I did some digging on Charles I. Coombs, and was surprised to learn he wrote very little fiction. Most of his books (and there are a lot of them) are kids’ non-fiction on various subjects.

That surprised me because this is pretty good fiction. The story is familiar: When a prosperous rancher dies, his cattle are rustled and his heirs can’t pay the mortgage. Enter Bret Maverick, an old friend of the family, to save the ranch. To complicate things, he’s implicated in a stage robbery, and must battle both the robbers and a behind-the-scenes villain to clear himself.

The only problem is - Coombs didn’t know much about Maverick. The Bret of this book is sometimes lighthearted, but has nowhere near the wise guy personality he should.

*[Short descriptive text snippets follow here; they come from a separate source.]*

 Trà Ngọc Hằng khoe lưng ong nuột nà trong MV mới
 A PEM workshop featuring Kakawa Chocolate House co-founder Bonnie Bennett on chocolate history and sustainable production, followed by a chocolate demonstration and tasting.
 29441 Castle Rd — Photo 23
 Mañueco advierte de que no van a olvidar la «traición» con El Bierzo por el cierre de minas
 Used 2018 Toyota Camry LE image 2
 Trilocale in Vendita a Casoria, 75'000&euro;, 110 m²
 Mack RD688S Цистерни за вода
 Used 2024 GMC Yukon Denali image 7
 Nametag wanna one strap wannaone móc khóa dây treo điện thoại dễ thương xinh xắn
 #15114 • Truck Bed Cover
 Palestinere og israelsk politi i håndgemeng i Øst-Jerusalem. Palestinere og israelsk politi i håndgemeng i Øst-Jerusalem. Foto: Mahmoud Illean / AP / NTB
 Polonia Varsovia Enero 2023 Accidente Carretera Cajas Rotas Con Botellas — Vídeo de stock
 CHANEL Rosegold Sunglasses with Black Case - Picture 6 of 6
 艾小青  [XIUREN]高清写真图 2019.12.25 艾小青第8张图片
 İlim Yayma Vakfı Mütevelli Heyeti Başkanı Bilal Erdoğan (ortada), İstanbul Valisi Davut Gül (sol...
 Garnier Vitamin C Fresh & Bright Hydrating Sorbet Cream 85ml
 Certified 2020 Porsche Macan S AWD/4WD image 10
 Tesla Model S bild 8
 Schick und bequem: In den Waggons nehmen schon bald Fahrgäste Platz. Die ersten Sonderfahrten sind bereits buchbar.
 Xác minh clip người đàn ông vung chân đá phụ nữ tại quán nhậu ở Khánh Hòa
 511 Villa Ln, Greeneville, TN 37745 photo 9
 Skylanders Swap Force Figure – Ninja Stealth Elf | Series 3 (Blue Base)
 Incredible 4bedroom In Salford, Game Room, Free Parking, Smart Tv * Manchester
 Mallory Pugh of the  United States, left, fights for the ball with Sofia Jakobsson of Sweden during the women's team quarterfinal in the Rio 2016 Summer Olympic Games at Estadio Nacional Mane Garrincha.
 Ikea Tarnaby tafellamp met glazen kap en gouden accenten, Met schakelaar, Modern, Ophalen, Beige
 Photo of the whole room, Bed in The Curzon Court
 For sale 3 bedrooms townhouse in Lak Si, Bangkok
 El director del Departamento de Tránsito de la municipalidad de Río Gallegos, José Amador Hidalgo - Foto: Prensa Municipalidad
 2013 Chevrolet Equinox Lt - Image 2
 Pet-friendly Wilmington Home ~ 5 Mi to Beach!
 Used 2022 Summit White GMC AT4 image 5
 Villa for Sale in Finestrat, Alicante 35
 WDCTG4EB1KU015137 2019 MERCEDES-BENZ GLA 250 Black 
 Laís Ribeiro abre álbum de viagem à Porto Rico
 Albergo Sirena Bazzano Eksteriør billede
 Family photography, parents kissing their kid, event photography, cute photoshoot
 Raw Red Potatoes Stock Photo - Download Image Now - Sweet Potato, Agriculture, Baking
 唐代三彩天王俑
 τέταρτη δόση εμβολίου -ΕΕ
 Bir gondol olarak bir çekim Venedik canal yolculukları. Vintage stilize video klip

Not once does he tell anyone, “My old Pappy used to say…”  There’s no mention of him being a gambler. And despite the image on the cover, he wears Levi’s for the entire book. The only tie-in with the Maverick I know is that he has a brother Bart back in Texas.

My guess is that Coombs was shown the first episode of the series - the only one I can think of where Maverick wore Levi’s (at least for awhile). This would have been just enough to give him a hint of James Garner’s character and speech patterns, but not enough to know what he was doing.

If Coombs had been a real western novelist, I’d suspect he’d written this novel about some other cowboy and simply changed him to Maverick.

Walt Disney's ZORRO by Steve Frazee (1958)

Now here’s a guy who did write a lot of westerns, and it shows. But he didn’t have a lot of freedom with this one. This book is a novelization of the first thirteen episodes of the Disney series. The show, you may recall, began like a cliffhanger serial, with a sequence in which a friend of Don Diego’s father has been arrested for treason by the evil Commandante. Don Diego returns from school in Spain just in time to don the Zorro duds and save the day.

The story is nicely told, but I’m curious how much control Disney had over the book. If I could lay my hands on my VHS tapes of these episodes, I’d check to see if Frazee used Disney dialogue or wrote his own.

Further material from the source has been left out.